Week 9, Day 1 of The Artist's Way
Today, let's honestly name fear and heal it with love.
ONE OF THE MOST important tasks in artistic recovery is learning to call things—and ourselves—by the right names.
Most of us have spent years using the wrong names for our behaviors. We have wanted to create and we have been unable to create and we have called that inability laziness. This is not merely inaccurate. It is cruel. Accuracy and compassion serve us far better.
Blocked artists are not lazy. They are blocked.
Being blocked and being lazy are two different things. The blocked artist typically expends a great deal of energy—just not visibly. The blocked artist spends energy on self-hatred, on regret, on grief, and on jealousy. The blocked artist spends energy on self-doubt.
The blocked artist does not know how to begin with baby steps.
Finding it hard to begin a project does not mean you will not be able to do it. It means you will need help—from your higher power, from supportive friends, and from yourself. First of all, you must give yourself permission to begin small and go in baby steps. These steps must be rewarded. Setting impossible goals creates enormous fear, which creates procrastination, which we wrongly call laziness.
Do not call procrastination laziness. Call it fear.
Fear is what blocks an artist. The fear of not being good enough. The fear of not finishing. The fear of failure and of success. The fear of beginning at all. There is only one cure for fear. That cure is love.
Use love for your artist to cure its fear.
Stop yelling at yourself. Be nice. Call fear by its right name.
(The Artist's Way, 2016, p. 151 – 152)
I acknowledge my fears and respond with love.
I recognize that my inability to create is not due to laziness, but rather to fear. I give myself permission to take small steps. I reward myself for my progress. I will not call procrastination laziness, but rather fear. I will use love to cure my fear and be kind to myself. I will call fear by its right name and work to overcome it.
Read your morning pages!
This process is best undertaken with two-colored markers, one to highlight insights and another to highlight actions needed. Do not judge your pages or yourself. This is very important. Yes, they will be boring. Yes, they may be painful. Consider them a map. Take them as information, not an indictment.
Take Stock: Who have you consistently been complaining about? What have you procrastinated on? What blessedly have you allowed yourself to change or accept?
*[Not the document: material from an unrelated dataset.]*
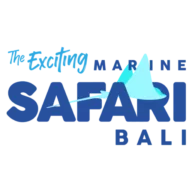 Marine Safari Bali logo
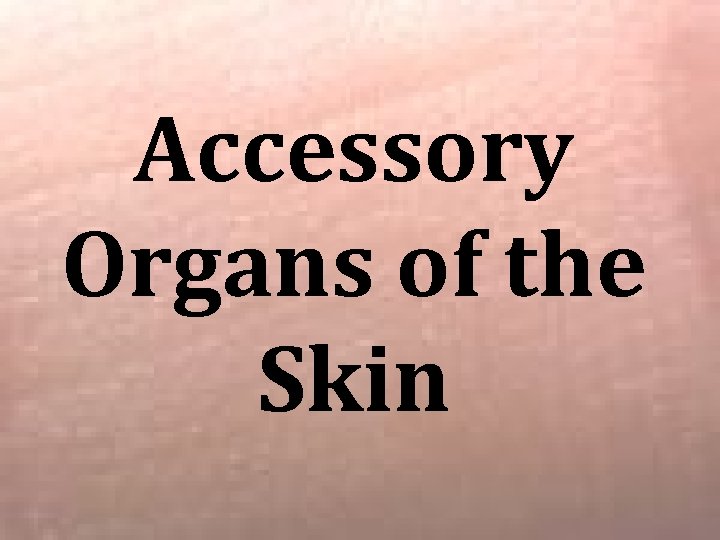 Accessory Organs of the Skin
Take Heart: Many of us notice an alarming tendency toward black-and-white thinking: “He’s terrible. He’s wonderful. I love him. I hate him. It’s a great job. It’s a terrible job,” and so forth. Don’t be thrown by this.
Acknowledge: The pages have allowed us to vent without self-destruction, to plan without interference, to complain without an audience, to dream without restriction, to know our own minds. Give yourself credit for undertaking them. Give them credit for the changes and growth they have fostered.
“Life shrinks or expands in proportion to one's courage.”
– Anaïs Nin
How can you reward yourself, each day, when taking small steps with a creative project?